START Data provided

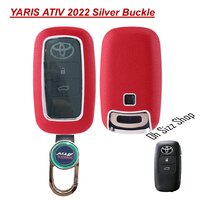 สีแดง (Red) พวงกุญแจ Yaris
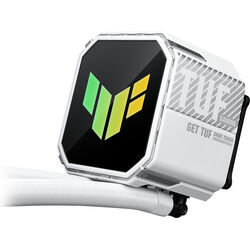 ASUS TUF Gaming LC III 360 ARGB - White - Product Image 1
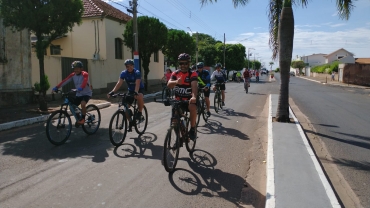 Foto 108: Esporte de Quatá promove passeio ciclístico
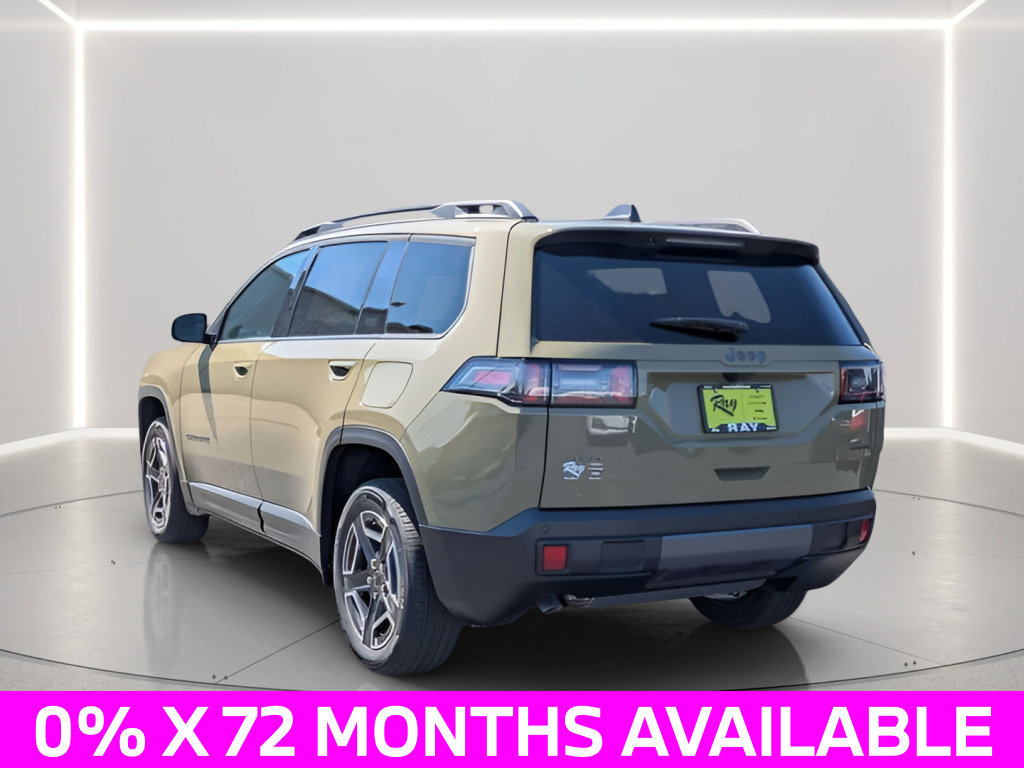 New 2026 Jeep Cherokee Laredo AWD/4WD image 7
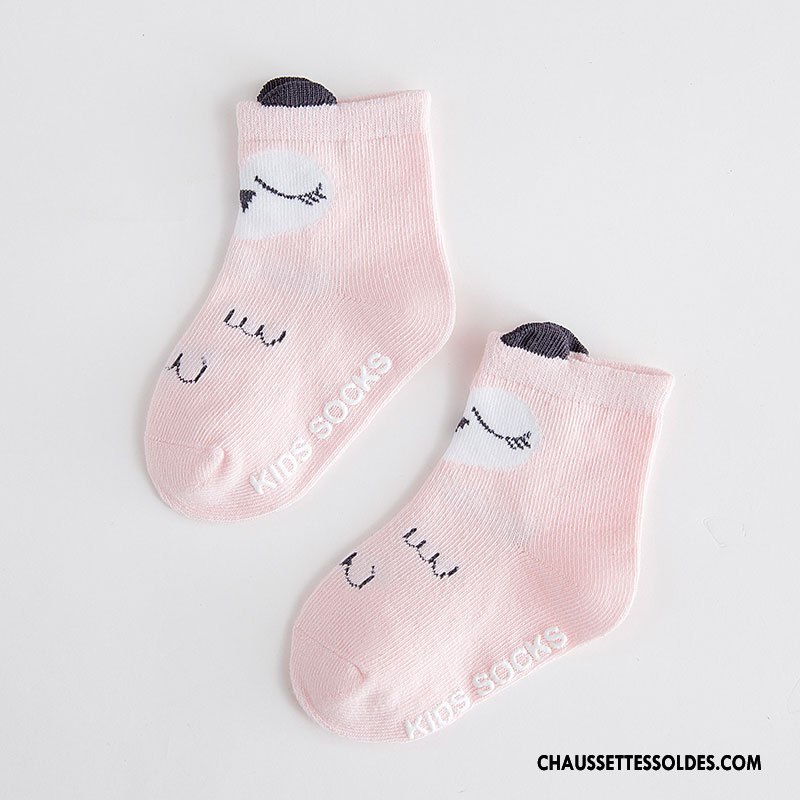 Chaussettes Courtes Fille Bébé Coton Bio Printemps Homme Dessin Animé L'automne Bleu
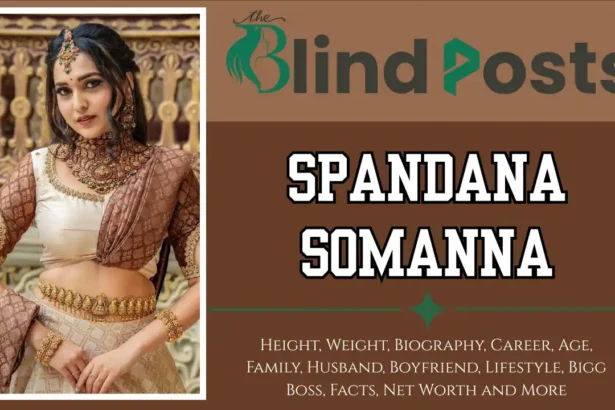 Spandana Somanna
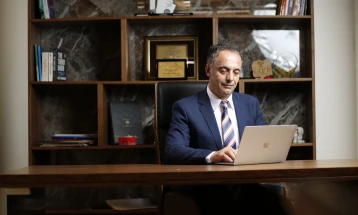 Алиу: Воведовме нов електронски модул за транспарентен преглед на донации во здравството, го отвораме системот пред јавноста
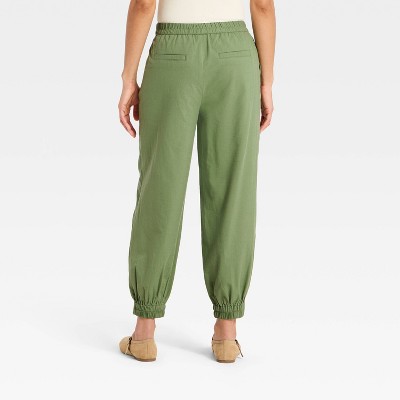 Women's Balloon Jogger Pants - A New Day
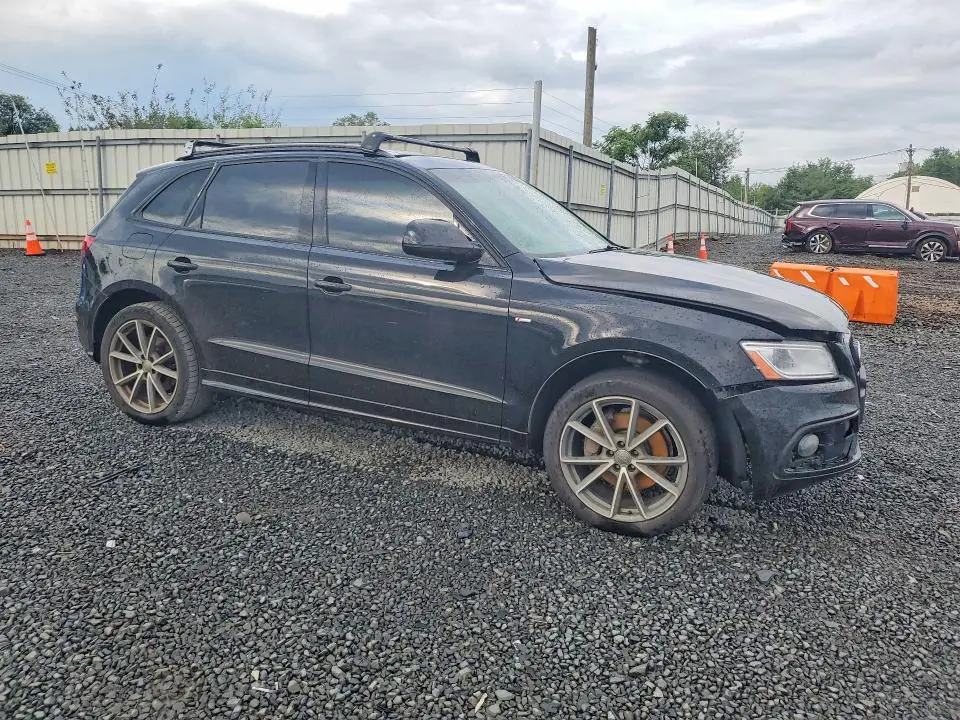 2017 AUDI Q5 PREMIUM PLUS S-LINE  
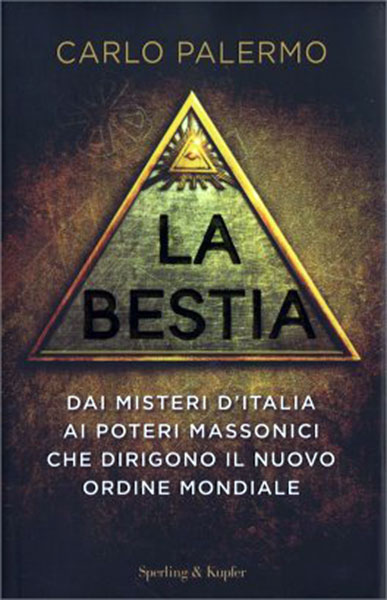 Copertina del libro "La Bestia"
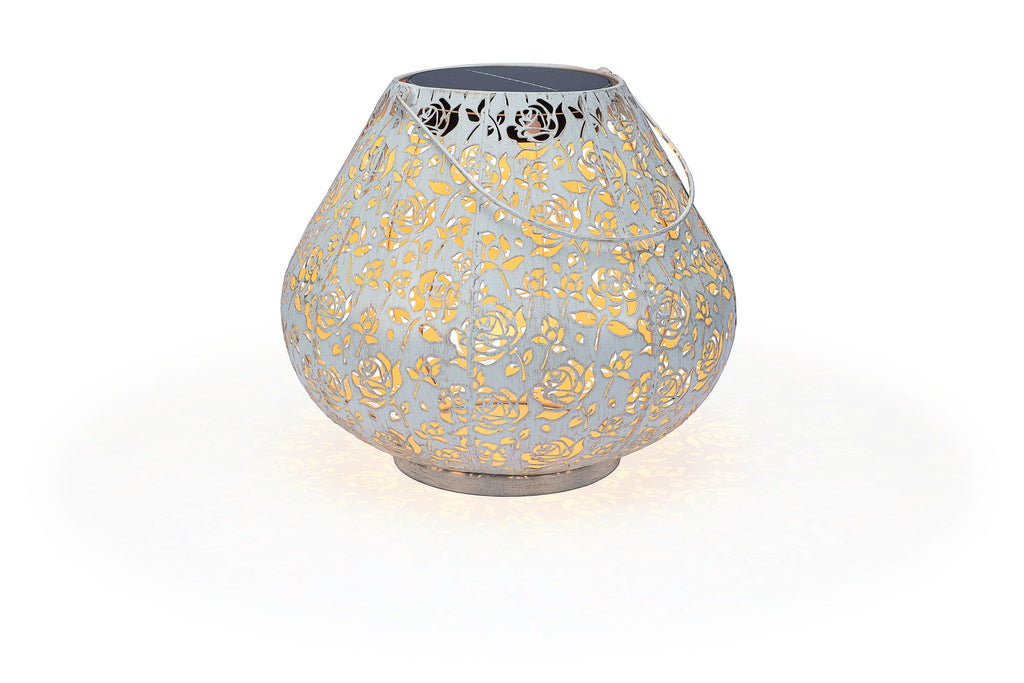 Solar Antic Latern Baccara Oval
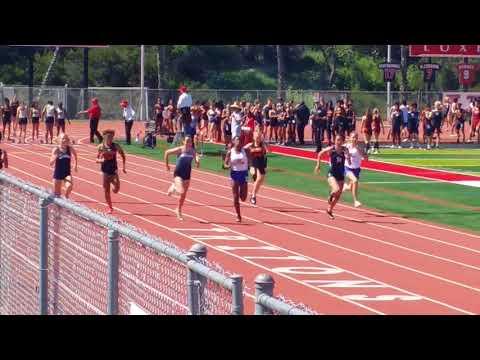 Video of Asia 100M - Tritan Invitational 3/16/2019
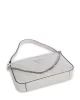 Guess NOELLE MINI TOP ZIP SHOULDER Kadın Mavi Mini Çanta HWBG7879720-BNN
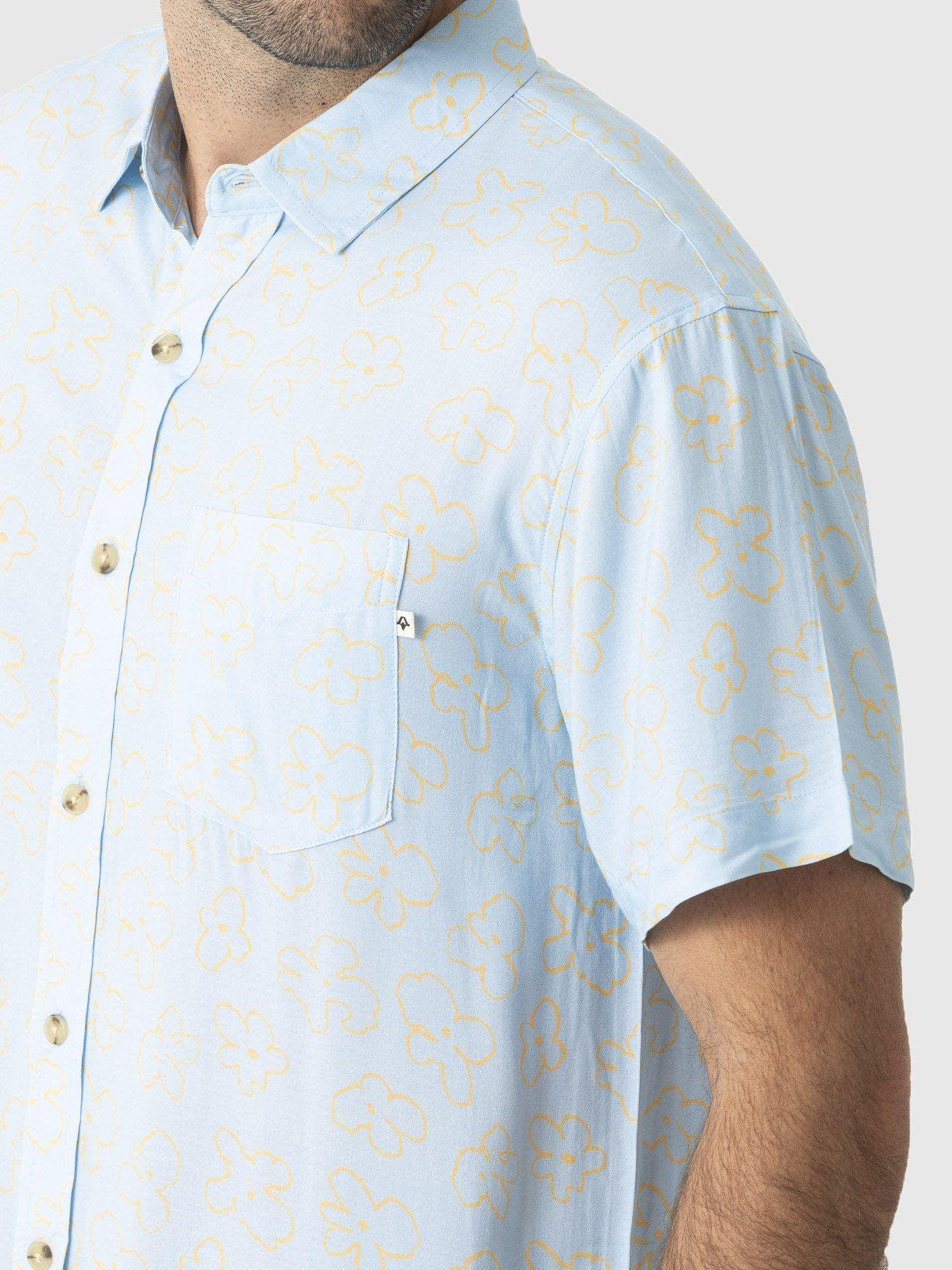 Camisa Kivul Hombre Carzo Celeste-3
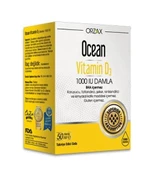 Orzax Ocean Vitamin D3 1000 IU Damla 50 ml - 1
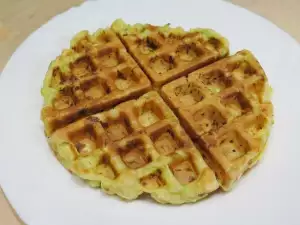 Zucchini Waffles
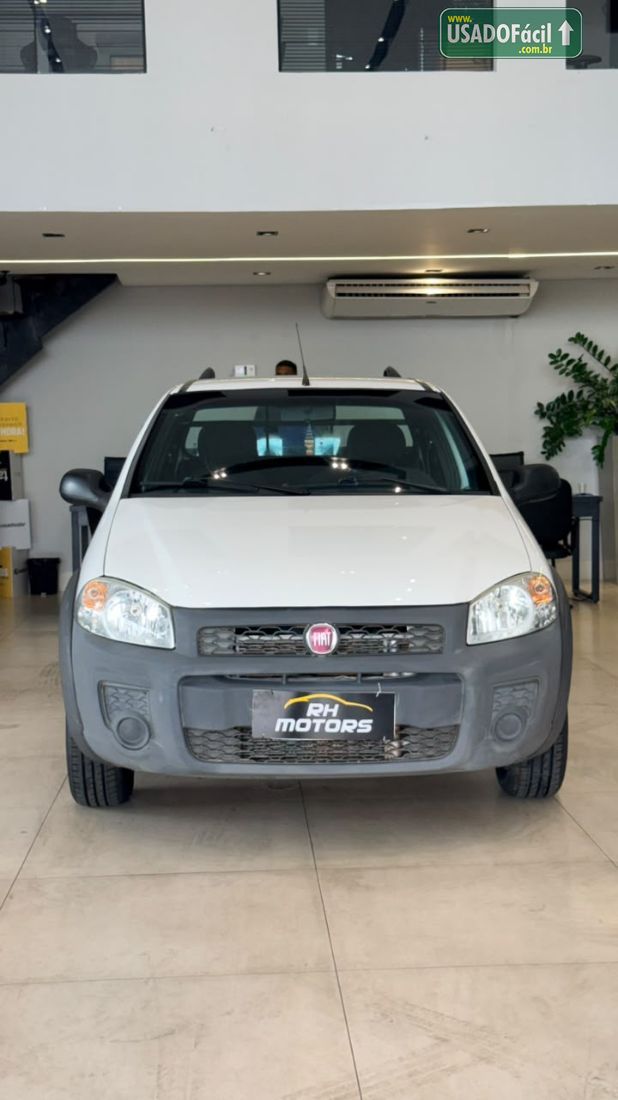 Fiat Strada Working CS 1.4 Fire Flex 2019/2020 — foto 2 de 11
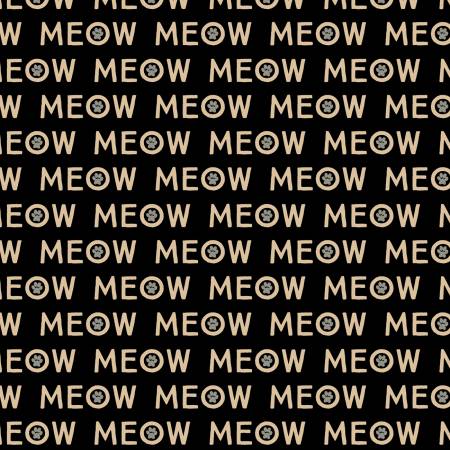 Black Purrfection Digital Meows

END Data provided

Work task: Leave out the pictures and return, exactly as written, only the lines from the line with "Алиу: Воведовме нов" through the end of the records above.

Task solution:
 Алиу: Воведовме нов електронски модул за транспарентен преглед на донации во здравството, го отвораме системот пред јавноста
 Women's Balloon Jogger Pants - A New Day
 2017 AUDI Q5 PREMIUM PLUS S-LINE  
 Copertina del libro "La Bestia"
 Solar Antic Latern Baccara Oval
 Video of Asia 100M - Tritan Invitational 3/16/2019
 Guess NOELLE MINI TOP ZIP SHOULDER Kadın Mavi Mini Çanta HWBG7879720-BNN
 Camisa Kivul Hombre Carzo Celeste-3
 Orzax Ocean Vitamin D3 1000 IU Damla 50 ml - 1
 Zucchini Waffles
 Fiat Strada Working CS 1.4 Fire Flex 2019/2020 — foto 2 de 11
 Black Purrfection Digital Meows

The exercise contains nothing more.